Archive for June, 2011

perhaps an economist with an understanding of money supply (and bitcoin) can best answer these questions…

June 30, 2011

If a fiat currency is destroyed, money could be printed to replace the lost supply. In the case of BTCs however, the number of BTCs that will ever be “printed” will, at most, be 21,000,000. Additionally, there exists no central authority that can decide to “print” more BTC because someone say, failed to care properly for their wallet.

So my question is, does it matter that nobody can ever be sure that BTC has been destroyed? Is this a drawback for BTC? The currency can be broken down to extremely small fractions, so there should be no worry of running out of BTC. However, the network can’t verify when BTCs are destroyed. Can the amount of BTC in circulation be tracked to any degree and then estimated? If not, is this a disadvantage inherent to bitcoins or does it not matter?

will Diaspora “succeed”?

June 30, 2011

Diaspora still lacks punch because proper implementation (i.e. as a personal web server, not joindiaspora.com et al.) is still for the wizards. But the beauty is, that when (if? (vaporware?)) it is properly implemented, it will differentiate itself from GooglePlus and Facebook in a way that offers value to mass market consumers in the form of privacy and data portability. If consumers could buy an easy-to-install, pre-configured wall-wart running FreedomBox/Diaspora with the option of gratis/paid services for specialized configuration or feature development, some would be willing and able to buy such a device.

Unfortunately, the issues around privacy and data portability/access are not issues that typically capture the mass market’s attention. Will enough users care to expend the energy to create an instance of their social life on Diaspora and learn its interface? I’m skeptical, but if Diaspora keeps developing like it is, I see no reason to leave. For me personally, Diaspora has been like Twitter on steroids.
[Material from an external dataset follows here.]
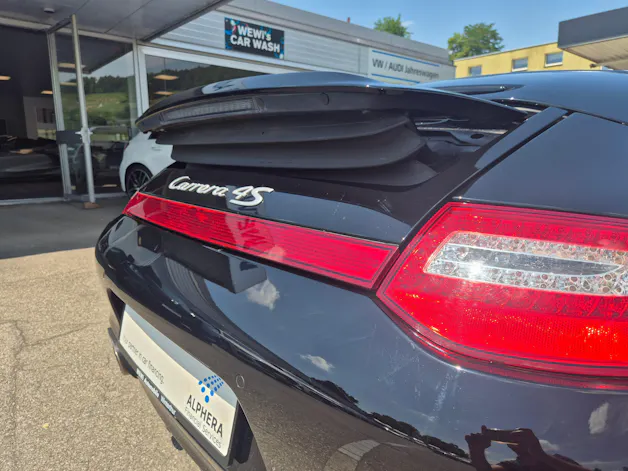 Porsche 911 Cabrio Carrera 4 PDK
My “use” of Twitter has pretty much been reduced to my Diaspora posts being pushed out to Twitter automatically.

Putting aside social pull and the goal of market power, I think the success of Diaspora should be measured similarly to the goals of the GNU Project. While advocates of software like the GNU/Linux operating system enjoy hearing news of market success, they see the existence of free software itself as the most important success, rather than growing popularity. Maybe there will only ever be enough capital behind Diaspora to sustain a niche market or perhaps, it will come to the mass market. Regardless of that, even if a small network of users exist who can run their own privacy-aware, free personal web server, that’s a success too.